Opened in 1985, the regional bus terminal was originally located adjacent to Scarborough Centre station on Line 3 Scarborough of the Toronto subway. With the closure of Line 3 in 2023 and its replacement by TTC bus service until about 2030, the TTC needed the terminal space for its own buses. Thus, GO Transit and intercity buses had to vacate the original location so that the area could be reconfigured for more TTC buses. On October 1, 2022, the regional bus terminal was relocated to Borough Drive on the west side of Scarborough Town Centre.

===Temporary terminal (2022–2030)===
On October 1, 2022, a temporary on-street terminal opened, replacing the original bus terminal. The temporary terminal has six bus bays located on the east side of Borough Drive between Progress Avenue and Triton Road. The terminal location is near the west side of Scarborough Town Centre shopping mall. TTC bus routes 21 Brimley and 43 Kennedy have stops within 50 to 250 m from the temporary terminal. This temporary terminal will be replaced by a future terminal expected to open in 2030.

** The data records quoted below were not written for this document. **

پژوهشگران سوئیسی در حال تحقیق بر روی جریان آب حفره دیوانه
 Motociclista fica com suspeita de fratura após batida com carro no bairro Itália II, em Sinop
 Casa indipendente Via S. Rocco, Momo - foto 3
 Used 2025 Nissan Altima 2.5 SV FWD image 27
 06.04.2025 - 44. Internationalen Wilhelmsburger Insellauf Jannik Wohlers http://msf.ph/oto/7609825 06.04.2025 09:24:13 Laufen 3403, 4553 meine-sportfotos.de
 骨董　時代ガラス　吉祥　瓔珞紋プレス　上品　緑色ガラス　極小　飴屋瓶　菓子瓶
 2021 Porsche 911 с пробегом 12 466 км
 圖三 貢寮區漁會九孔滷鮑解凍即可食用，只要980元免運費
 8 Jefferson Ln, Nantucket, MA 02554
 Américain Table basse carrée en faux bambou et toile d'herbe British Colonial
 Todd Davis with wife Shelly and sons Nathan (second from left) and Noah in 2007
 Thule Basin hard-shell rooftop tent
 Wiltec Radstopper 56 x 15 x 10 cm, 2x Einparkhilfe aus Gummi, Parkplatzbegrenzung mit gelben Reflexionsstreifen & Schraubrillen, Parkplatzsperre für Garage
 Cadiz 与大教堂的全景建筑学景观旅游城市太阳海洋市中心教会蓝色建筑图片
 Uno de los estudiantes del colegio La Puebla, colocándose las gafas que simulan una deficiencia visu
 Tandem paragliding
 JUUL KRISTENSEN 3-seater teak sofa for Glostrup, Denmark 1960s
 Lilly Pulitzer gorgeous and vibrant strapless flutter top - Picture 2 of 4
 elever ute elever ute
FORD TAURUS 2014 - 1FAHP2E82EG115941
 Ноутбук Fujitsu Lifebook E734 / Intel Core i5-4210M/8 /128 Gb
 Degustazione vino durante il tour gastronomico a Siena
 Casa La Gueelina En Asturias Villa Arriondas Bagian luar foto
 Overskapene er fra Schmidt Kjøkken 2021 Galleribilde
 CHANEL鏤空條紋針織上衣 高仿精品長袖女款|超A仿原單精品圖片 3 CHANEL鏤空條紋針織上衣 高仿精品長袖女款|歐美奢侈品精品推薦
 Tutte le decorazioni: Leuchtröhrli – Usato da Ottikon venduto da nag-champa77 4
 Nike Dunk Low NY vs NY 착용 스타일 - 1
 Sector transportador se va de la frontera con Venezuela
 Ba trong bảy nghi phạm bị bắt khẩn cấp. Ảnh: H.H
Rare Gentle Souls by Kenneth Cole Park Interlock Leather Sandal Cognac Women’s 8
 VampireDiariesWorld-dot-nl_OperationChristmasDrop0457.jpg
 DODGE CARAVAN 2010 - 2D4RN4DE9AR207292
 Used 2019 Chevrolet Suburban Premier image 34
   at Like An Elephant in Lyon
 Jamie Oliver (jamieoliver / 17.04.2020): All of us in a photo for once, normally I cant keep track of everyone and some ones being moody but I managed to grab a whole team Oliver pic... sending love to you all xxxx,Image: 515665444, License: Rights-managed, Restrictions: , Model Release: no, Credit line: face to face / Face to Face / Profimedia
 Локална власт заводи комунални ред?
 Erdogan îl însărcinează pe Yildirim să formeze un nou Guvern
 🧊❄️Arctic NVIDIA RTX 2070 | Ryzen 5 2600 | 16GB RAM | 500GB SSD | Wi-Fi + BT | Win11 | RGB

===Future terminal (from 2030)===
A new Scarborough Centre Bus Terminal is expected to open in 2030 east of Scarborough Town Centre as part of the planned new Scarborough Centre station on the Scarborough extension of Line 2 Bloor–Danforth. It will be adjacent to a new Scarborough Centre station, which will be located on the east side of McCowan Road, north of the Line 3 right-of-way next to the site of McCowan station. The new bus terminal will also be the western terminal of the proposed Durham–Scarborough bus rapid transit corridor.

==Nearby landmarks==
Located in Scarborough's city centre, nearby landmarks include Scarborough Town Centre shopping mall, the Scarborough Civic Centre, Albert Campbell Square, the Canada Centre government offices, Consilium Place and the Scarborough YMCA.